Actors struggle to avoid typecasting dilemmas
Woody Harrelson probably could have made an entire career out of playing slow-witted bartenders. Robin Williams might have made a nice living off variations of Mork from Ork.
Instead, both found work outside the boundaries of those characters, but not without some effort. In Hollywood, you are what casting directors say you are unless you can prove otherwise.
Typecasting is a conundrum for most actors: While they are elated to find a character that brings them success, they also fear being thought of only in that regard.
“I think once you become fortunate enough to find a role people identify you with, you receive a lot of offers to do some variation of that role,” says three-time Emmy winner Dennis Franz, who has made Det. Andy Sipowicz on “NYPD Blue” one of the most indelible characters on TV. “The battle is to fight the temptations. If you want to expand to a variety of roles, then you have to hold out and not just take the opportunities presented.”
Like most television actors, Franz isn’t exactly wallowing in dead time. He has just a three-month window in which to do other projects, and he says he tries to select only those parts that he finds as challenging and fulfilling as the one created for him by Steven Bochco and David Milch.
Included in that list are appearances in features such as “City of Angels” and “American Buffalo,” and the TV movie “Texas Justice.” Such forays into other characters help soften the strong identification he has established not only with Sipowicz but with small-screen predecessors Det. Sal Benedetto and Det. Norman Buntz, both of “Hill Street Blues.”
“What has happened is that because of the success of this show and the character, people are willing to take a chance on me to play other roles,” Franz explains, “not just other cop roles. It has opened doors for me in that direction, which have been welcome departures.”
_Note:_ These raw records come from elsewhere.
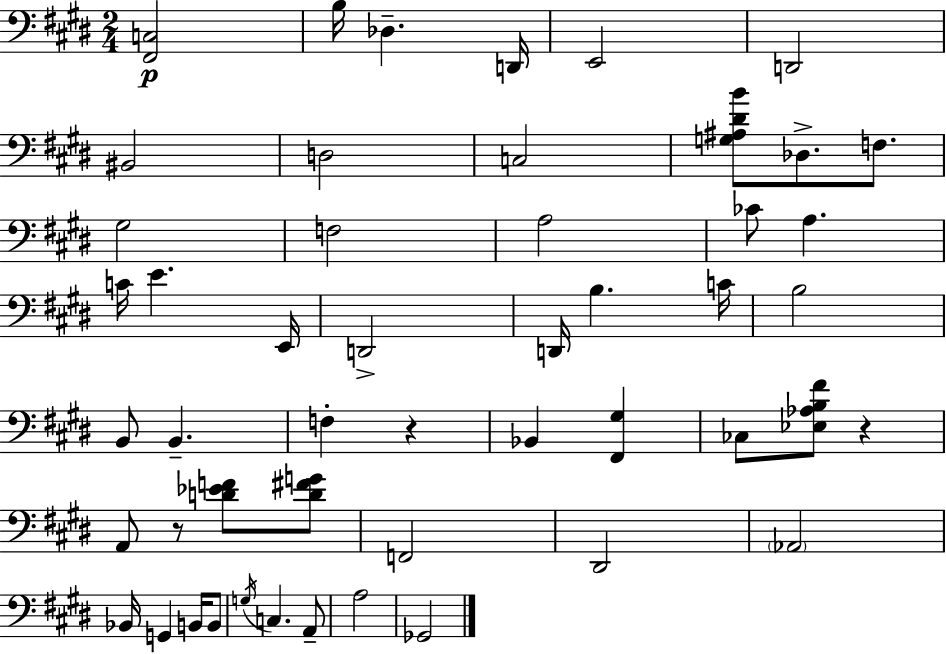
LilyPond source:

{
  \clef bass
  \numericTimeSignature
  \time 2/4
  \key e \major
  <fis, c>2\p | b16 des4.-- d,16 | e,2 | d,2 | \break bis,2 | d2 | c2 | <g ais dis' b'>8 des8.-> f8. | \break gis2 | f2 | a2 | ces'8 a4. | \break c'16 e'4. e,16 | d,2-> | d,16 b4. c'16 | b2 | \break b,8 b,4.-- | f4-. r4 | bes,4 <fis, gis>4 | ces8 <ees aes b fis'>8 r4 | \break a,8 r8 <d' ees' f'>8 <d' fis' g'>8 | f,2 | dis,2 | \parenthesize aes,2 | \break bes,16 g,4 b,16 b,8 | \acciaccatura { g16 } c4. a,8-- | a2 | ges,2 | \break \bar "|."
} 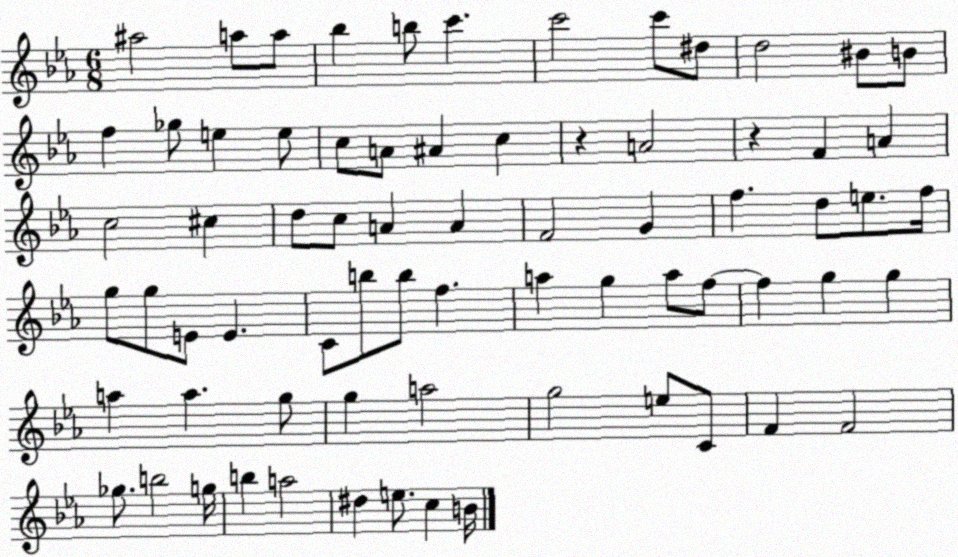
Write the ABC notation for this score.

X:1
T:Untitled
M:6/8
L:1/4
K:Eb
^a2 a/2 a/2 _b b/2 c' c'2 c'/2 ^d/2 d2 ^B/2 B/2 f _g/2 e e/2 c/2 A/2 ^A c z A2 z F A c2 ^c d/2 c/2 A A F2 G f d/2 e/2 f/4 g/2 g/2 E/2 E C/2 b/2 b/2 f a g a/2 f/2 f g g a a g/2 g a2 g2 e/2 C/2 F F2 _g/2 b2 g/4 b a2 ^d e/2 c B/4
When Edie Falco goes shopping now, she is practically accosted by fans of “The Sopranos” who have trouble separating her from her character Carmela. She says she is flattered, but she also understands the pitfalls of being so closely tied to one enormously popular role.
“I had never played a mob wife before,” Falco says. “I had never played an Italian-American mother. So it was sort of a new thing. Since then, I’ve been offered about 4 million more Carmela types. On some level, I wouldn’t have cared if all the characters were as smart. The writing on this show is so brilliant.”
Falco, who won the drama actress Emmy last year, has a long list of credits covering a wide range of roles, including the part of a prison guard on another HBO show, “Oz.” Recently, she starred in the indie feature “Judy Berlin,” in which she plays a naive Long Island waitress. The part was tailored for her by writer-director Eric Mendelsohn, a longtime friend.
“Frankly,” she explains, “I’m a lot more Judy Berlin than I am Carmela.”
In her experience, she continues, actors have control over the issue of typecasting. “A lot of actors think that if they don’t take those same types of roles, then they won’t work. But if they hang in there, eventually somebody will come up with something different for you to do.”
There aren’t too many similarities between characters Carmela Soprano and Dharma Freedom Finkelstein Montgomery, yet Jenna Elfman can relate to what Falco has experienced.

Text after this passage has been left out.